(To do)
Could you find every line in the entries below that holds the word "with" and copy it?

#### Provided entries ####

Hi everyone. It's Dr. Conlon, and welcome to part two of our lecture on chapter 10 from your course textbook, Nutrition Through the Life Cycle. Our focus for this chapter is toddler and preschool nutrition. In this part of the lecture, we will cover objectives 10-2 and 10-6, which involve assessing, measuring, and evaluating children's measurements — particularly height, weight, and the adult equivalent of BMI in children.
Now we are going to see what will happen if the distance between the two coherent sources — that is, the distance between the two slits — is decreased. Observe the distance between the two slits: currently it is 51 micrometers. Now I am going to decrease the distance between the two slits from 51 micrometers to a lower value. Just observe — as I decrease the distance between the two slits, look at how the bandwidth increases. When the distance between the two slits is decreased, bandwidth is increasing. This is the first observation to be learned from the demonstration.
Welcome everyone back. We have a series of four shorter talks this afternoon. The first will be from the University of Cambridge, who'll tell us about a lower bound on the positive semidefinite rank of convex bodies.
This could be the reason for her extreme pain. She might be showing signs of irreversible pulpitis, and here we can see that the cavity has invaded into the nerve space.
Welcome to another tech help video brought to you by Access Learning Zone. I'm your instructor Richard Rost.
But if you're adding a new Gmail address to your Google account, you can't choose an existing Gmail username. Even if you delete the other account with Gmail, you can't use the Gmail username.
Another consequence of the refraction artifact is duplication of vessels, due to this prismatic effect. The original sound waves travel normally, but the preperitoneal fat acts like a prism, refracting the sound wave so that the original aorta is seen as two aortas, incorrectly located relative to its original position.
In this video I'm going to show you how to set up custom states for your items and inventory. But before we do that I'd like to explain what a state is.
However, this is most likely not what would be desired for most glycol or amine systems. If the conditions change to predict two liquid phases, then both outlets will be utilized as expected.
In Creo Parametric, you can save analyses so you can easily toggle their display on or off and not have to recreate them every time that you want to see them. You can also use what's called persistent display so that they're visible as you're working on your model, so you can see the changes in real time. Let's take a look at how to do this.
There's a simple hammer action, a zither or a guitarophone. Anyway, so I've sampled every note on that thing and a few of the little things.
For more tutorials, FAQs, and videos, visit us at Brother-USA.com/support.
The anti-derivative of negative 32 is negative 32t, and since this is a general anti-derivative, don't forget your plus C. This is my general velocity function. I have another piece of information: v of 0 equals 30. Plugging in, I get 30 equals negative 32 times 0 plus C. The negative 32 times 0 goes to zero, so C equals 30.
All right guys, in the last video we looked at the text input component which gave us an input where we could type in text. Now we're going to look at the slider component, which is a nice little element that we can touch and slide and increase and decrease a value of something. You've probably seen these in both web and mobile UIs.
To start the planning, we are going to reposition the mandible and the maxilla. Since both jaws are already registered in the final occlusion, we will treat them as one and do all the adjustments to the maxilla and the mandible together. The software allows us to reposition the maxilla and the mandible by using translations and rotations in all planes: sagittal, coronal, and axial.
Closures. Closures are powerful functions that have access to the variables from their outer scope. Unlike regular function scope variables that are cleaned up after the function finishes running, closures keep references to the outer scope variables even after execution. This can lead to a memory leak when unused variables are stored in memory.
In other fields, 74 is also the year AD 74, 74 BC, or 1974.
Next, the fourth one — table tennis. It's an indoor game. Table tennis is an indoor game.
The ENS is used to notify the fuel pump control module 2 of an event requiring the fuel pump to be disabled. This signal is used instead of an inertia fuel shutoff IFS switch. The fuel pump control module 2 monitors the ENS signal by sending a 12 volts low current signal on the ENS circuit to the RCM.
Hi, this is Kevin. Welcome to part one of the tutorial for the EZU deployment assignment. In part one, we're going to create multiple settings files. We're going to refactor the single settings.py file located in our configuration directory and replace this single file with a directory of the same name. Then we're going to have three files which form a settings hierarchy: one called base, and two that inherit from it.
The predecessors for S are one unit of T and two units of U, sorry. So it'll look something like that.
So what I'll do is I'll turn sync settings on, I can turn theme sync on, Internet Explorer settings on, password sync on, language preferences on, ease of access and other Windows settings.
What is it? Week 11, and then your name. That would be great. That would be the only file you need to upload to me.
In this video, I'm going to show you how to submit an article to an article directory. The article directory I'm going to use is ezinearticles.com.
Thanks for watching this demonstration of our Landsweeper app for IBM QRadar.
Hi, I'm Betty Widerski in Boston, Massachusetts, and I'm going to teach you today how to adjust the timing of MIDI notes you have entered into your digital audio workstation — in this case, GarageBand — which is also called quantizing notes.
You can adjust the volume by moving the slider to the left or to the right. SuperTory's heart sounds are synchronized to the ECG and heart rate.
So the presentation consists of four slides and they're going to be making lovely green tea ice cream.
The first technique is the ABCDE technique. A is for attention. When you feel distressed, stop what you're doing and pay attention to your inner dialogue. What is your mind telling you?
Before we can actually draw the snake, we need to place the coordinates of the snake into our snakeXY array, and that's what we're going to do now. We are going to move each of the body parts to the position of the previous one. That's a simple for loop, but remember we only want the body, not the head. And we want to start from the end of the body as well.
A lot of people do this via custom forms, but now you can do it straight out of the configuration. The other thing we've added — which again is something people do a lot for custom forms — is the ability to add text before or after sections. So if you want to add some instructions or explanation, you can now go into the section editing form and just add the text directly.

####

(Output of the task)
But if you're adding a new Gmail address to your Google account, you can't choose an existing Gmail username. Even if you delete the other account with Gmail, you can't use the Gmail username.
Hi, this is Kevin. Welcome to part one of the tutorial for the EZU deployment assignment. In part one, we're going to create multiple settings files. We're going to refactor the single settings.py file located in our configuration directory and replace this single file with a directory of the same name. Then we're going to have three files which form a settings hierarchy: one called base, and two that inherit from it.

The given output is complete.